(Short descriptive text snippets)
==================================================
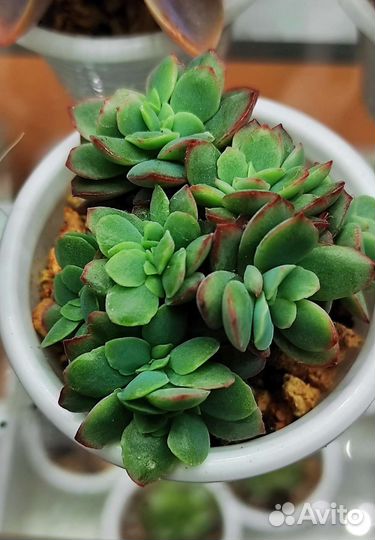 Кактусы и суккуленты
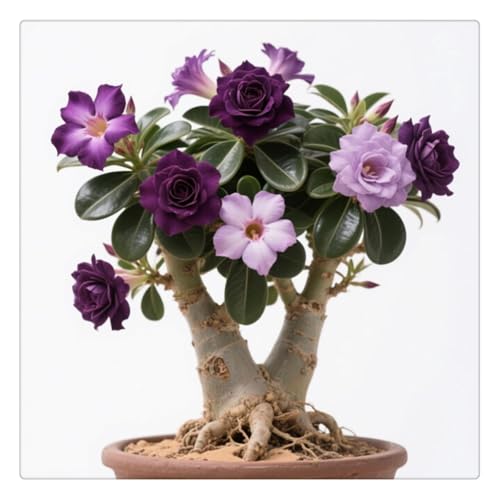 UOLKEZFM Blumenzwiebel Mix, Mehrjährige Blumenzwiebel ist winterhart, Mysteriöse magische Glühbirne-2 Wüstenrosen knolle-C von UOLKEZFM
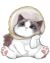 鱼猫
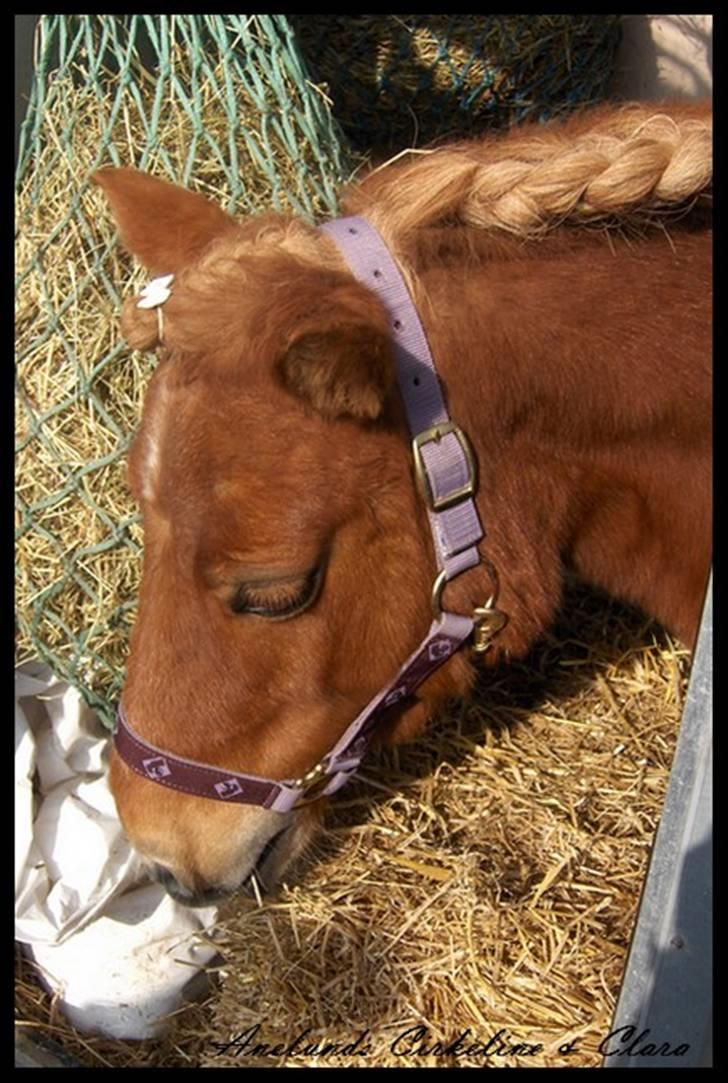 Shetlænder Anelunds Cirkeline. (; - hendes dejlige hovede <3 Foto: Frederikke billede 3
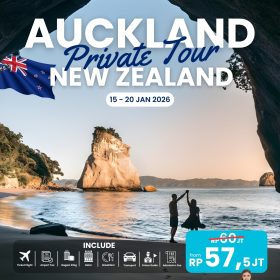 Private Tour Auckland, New Zealand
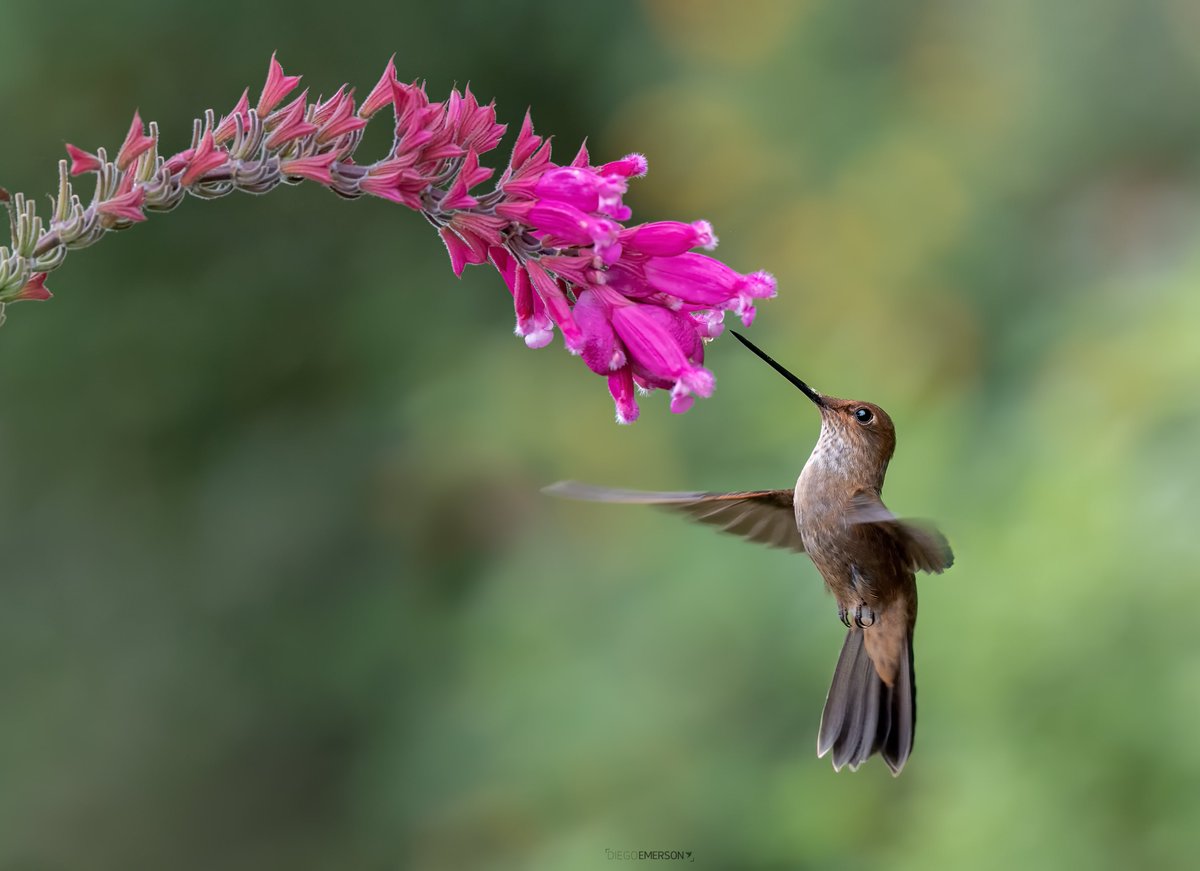 Donde termina la flor comienza el colibrí.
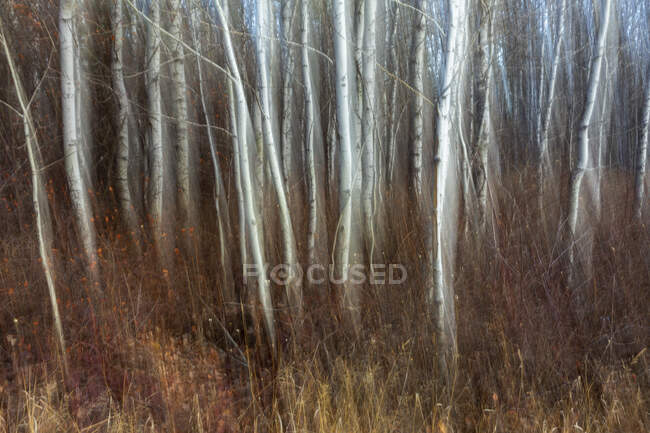 Blurred aspen grove and meadow near Leavenworth, Washington — Stock Photo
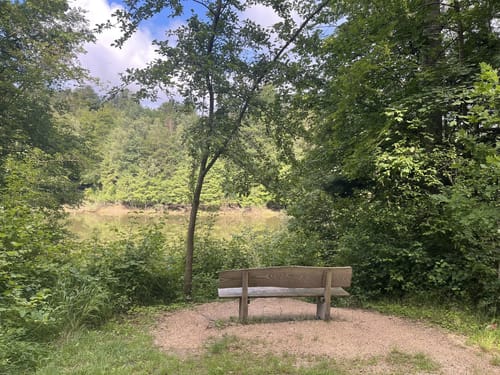 Herrenbachtal Weg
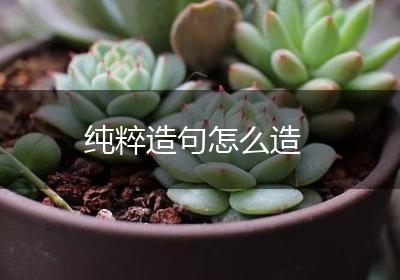 纯粹造句怎么造
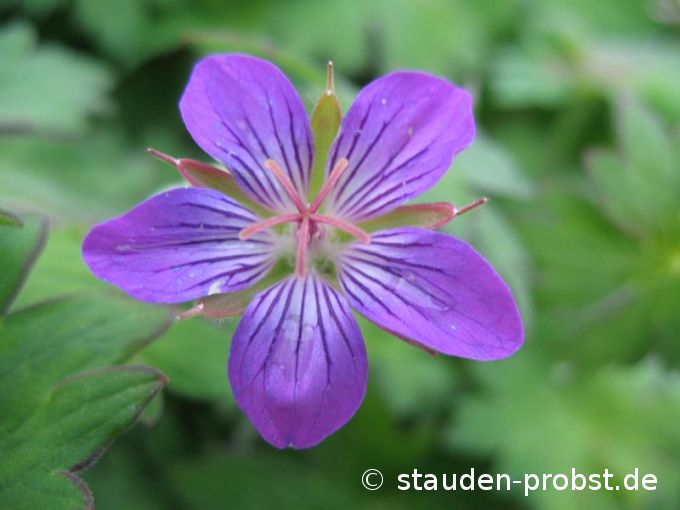 Geranium wlassovianum 'Zellertal' - Sibirischer Storchschnabel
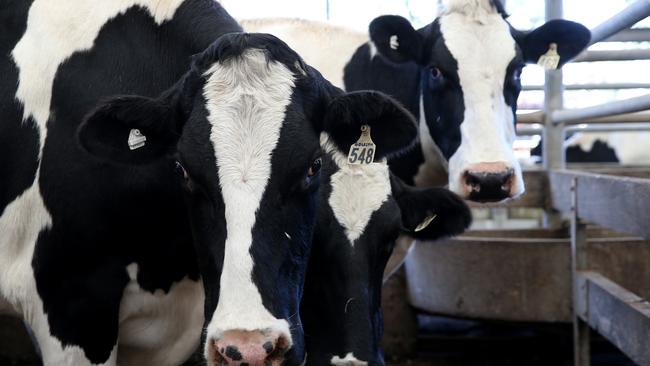 Overhaul: Australian Dairy Plan chairman John Brumby said workshops showed industry bodies need to “do things differently”.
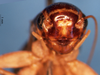 CollectionObject 1505324; 5703e2a4-16c8-4870-bec7-b41e7b232a14: female, frontal view (syntype). (CollectionObject).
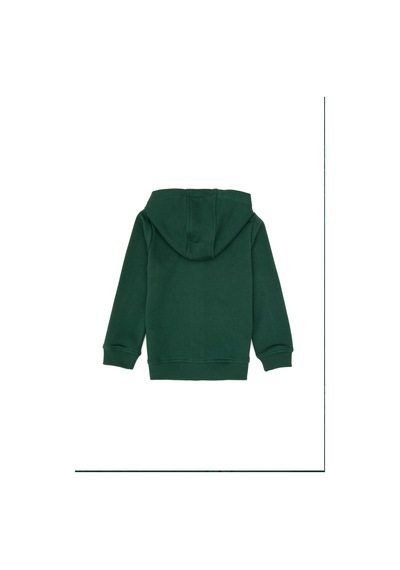 U.S. Polo Assn. Erkek Çocuk Koyu Yeşil Basic Kapüşonlu Sweatshirt 50308439-VR079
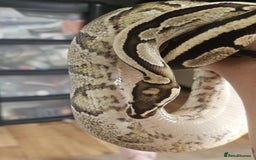 Python Snake reptiles for sale: Ball pythons for sale - Image 2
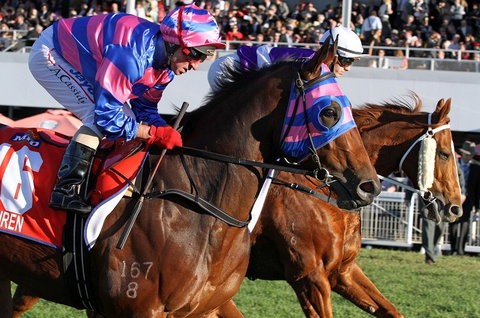 Quest Ascot - Tourism Brisbane 4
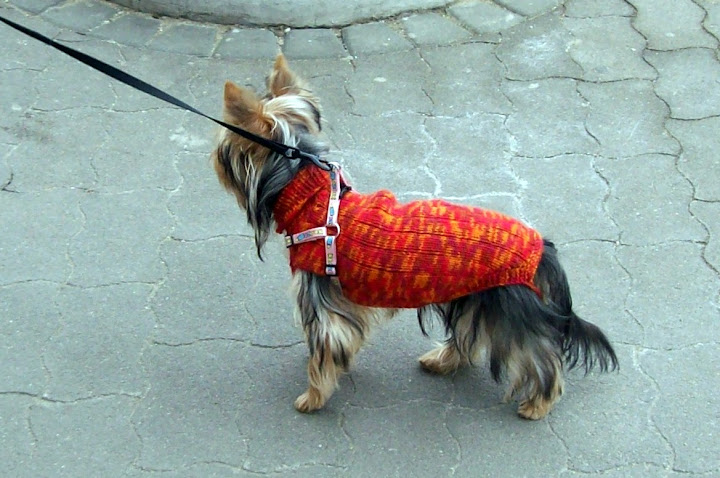 100_7002-1.JPG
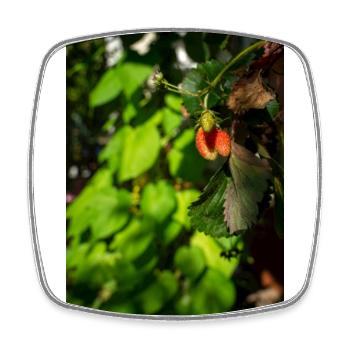 Hanging strawberry - Square fridge magnet - white - Front
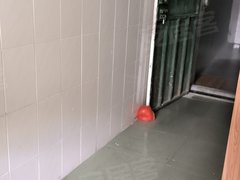阳江阳东G228 2室1厅1卫出租房源真实图片
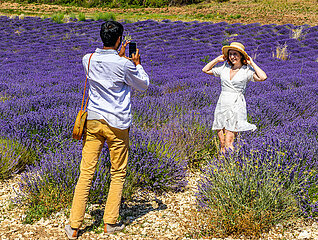 France. Provence. Vaucluse (84) Plateau de Sault  capital of lavender. During flowering  tourists are used to being photographed in the fields  the Chinese  especially  following the broadcast of a romantic series on TV where many scenes take place in Provence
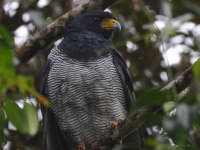 FL6A5523Barred_Hawk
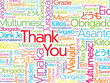 © dizain - Colorful Thank You Word Cloud in vector format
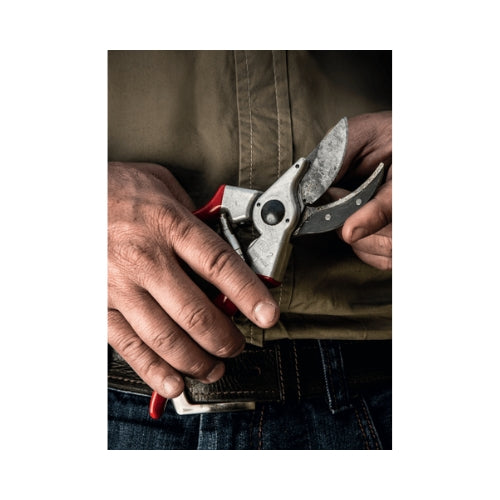 Felco 2 Pruner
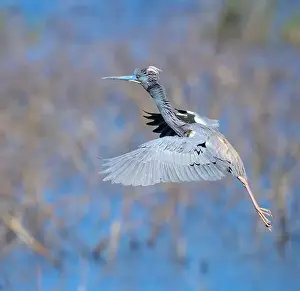Egretta Prints: Tricolored heron (Egretta tricolor) in breeding plumage flying over lake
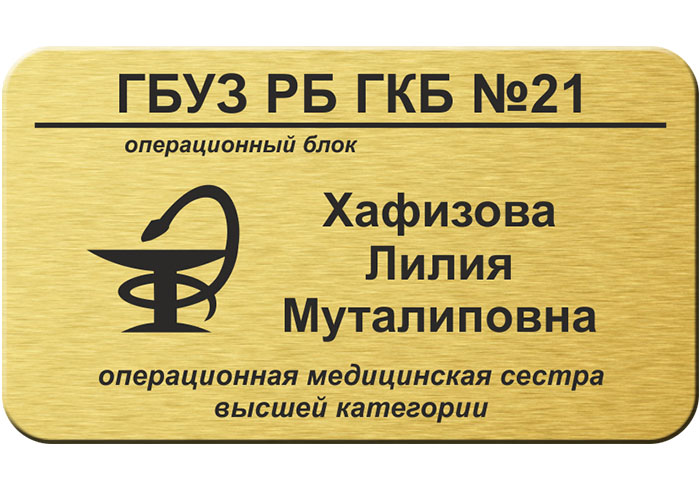 Магнитные бейджи с логотипом Шереметьево. Бейджик с кузнечиками. Магнитный бейдж Иркутск. Бейдж с рейтингом организации на сайте.
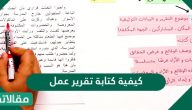 كيفية كتابة تقرير عمل بشكل احترافي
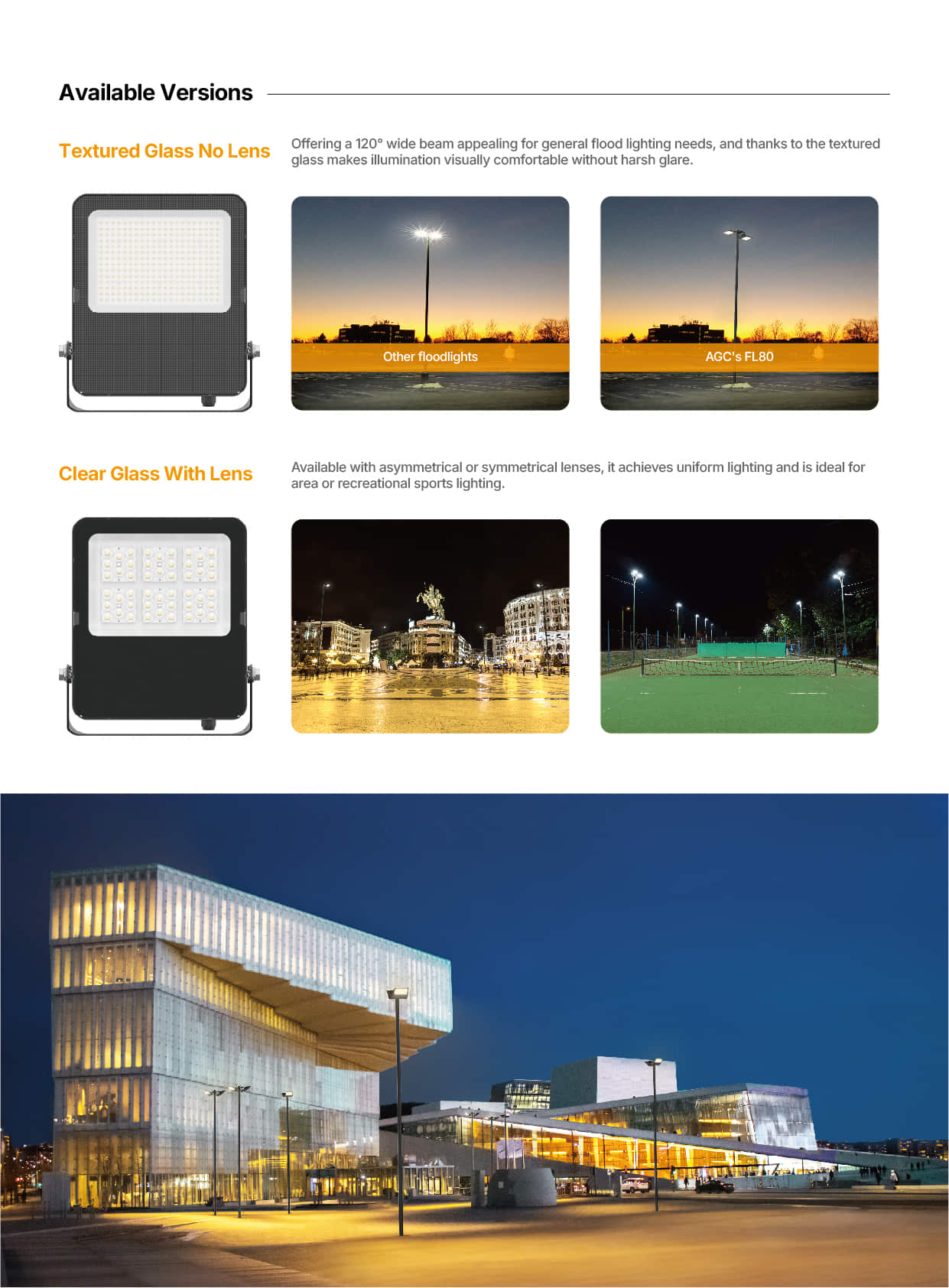 FL80 Efficient and Affordable flood light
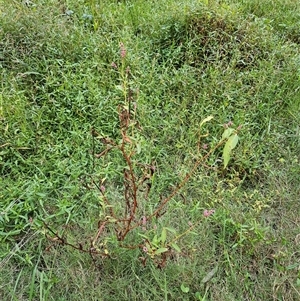 Persicaria elatior at Black Hill, NSW - 7 Apr 2025 03:30 PM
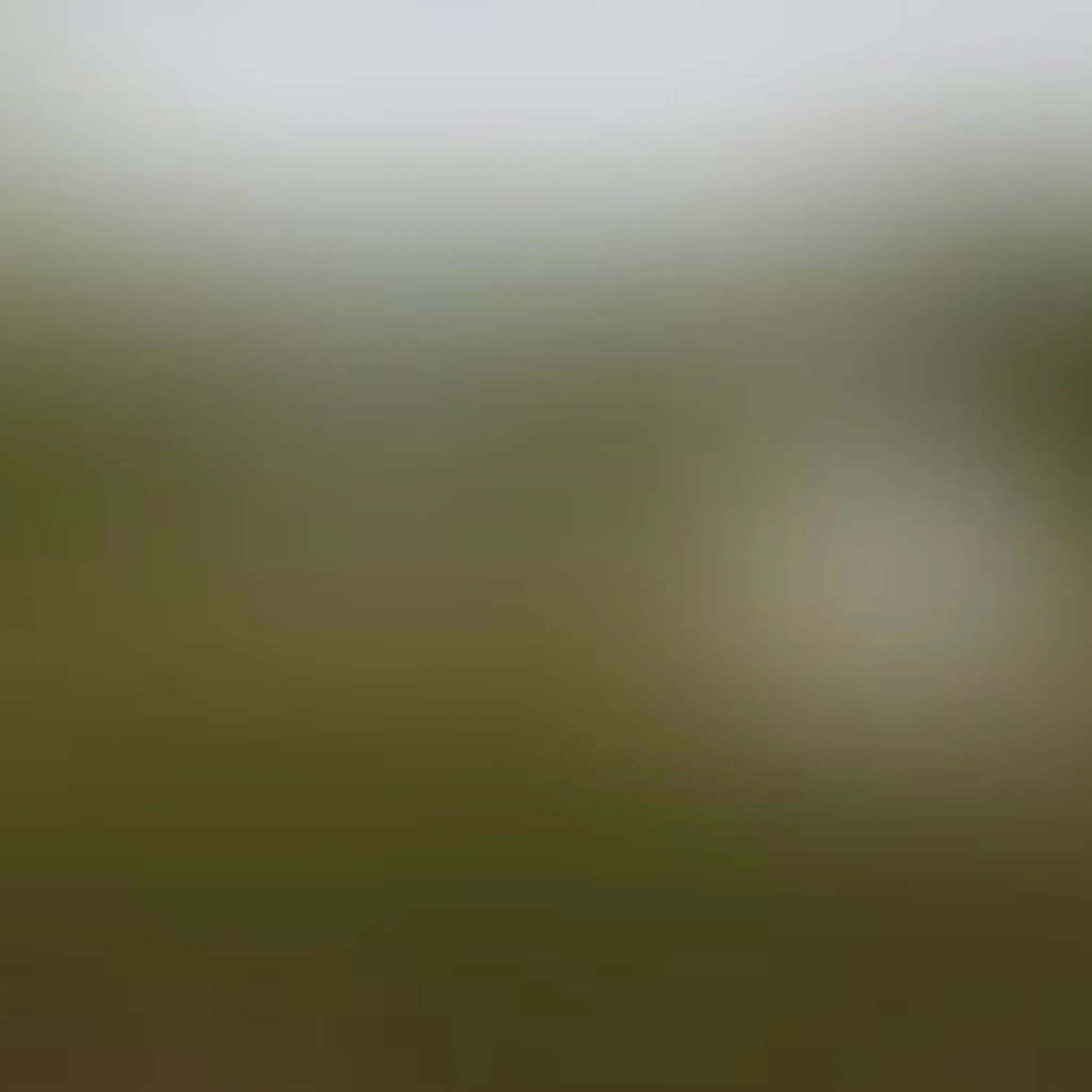 Manitoulin Eco Park & DarkSky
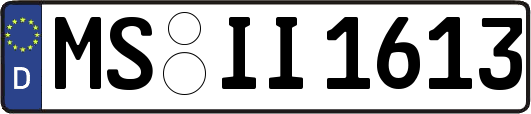 MS-II1613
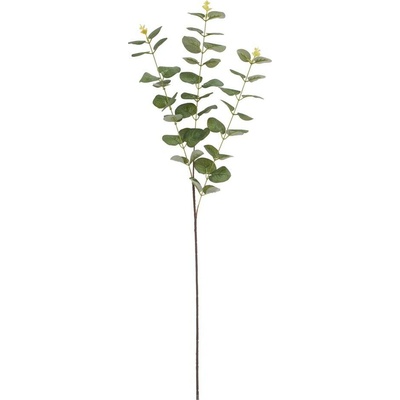 KS EUCALYPTUS CINEREA ZELENÝ 83CM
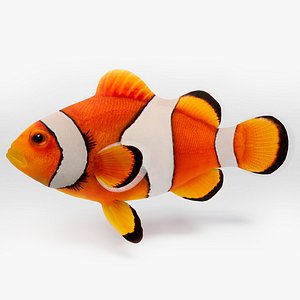 Clownfish Animated 3D model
==================================================
ABOUT THIS EXERCISE - Print only the lines from the first line of the data above through the one containing "100_7002-1.JPG", exactly as they are, with pictures omitted.

OUTPUT OF THE TASK -
 Кактусы и суккуленты
 UOLKEZFM Blumenzwiebel Mix, Mehrjährige Blumenzwiebel ist winterhart, Mysteriöse magische Glühbirne-2 Wüstenrosen knolle-C von UOLKEZFM
 鱼猫
 Shetlænder Anelunds Cirkeline. (; - hendes dejlige hovede <3 Foto: Frederikke billede 3
 Private Tour Auckland, New Zealand
 Donde termina la flor comienza el colibrí.
 Blurred aspen grove and meadow near Leavenworth, Washington — Stock Photo
 Herrenbachtal Weg
 纯粹造句怎么造
 Geranium wlassovianum 'Zellertal' - Sibirischer Storchschnabel
 Overhaul: Australian Dairy Plan chairman John Brumby said workshops showed industry bodies need to “do things differently”.
 CollectionObject 1505324; 5703e2a4-16c8-4870-bec7-b41e7b232a14: female, frontal view (syntype). (CollectionObject).
 U.S. Polo Assn. Erkek Çocuk Koyu Yeşil Basic Kapüşonlu Sweatshirt 50308439-VR079
 Python Snake reptiles for sale: Ball pythons for sale - Image 2
 Quest Ascot - Tourism Brisbane 4
 100_7002-1.JPG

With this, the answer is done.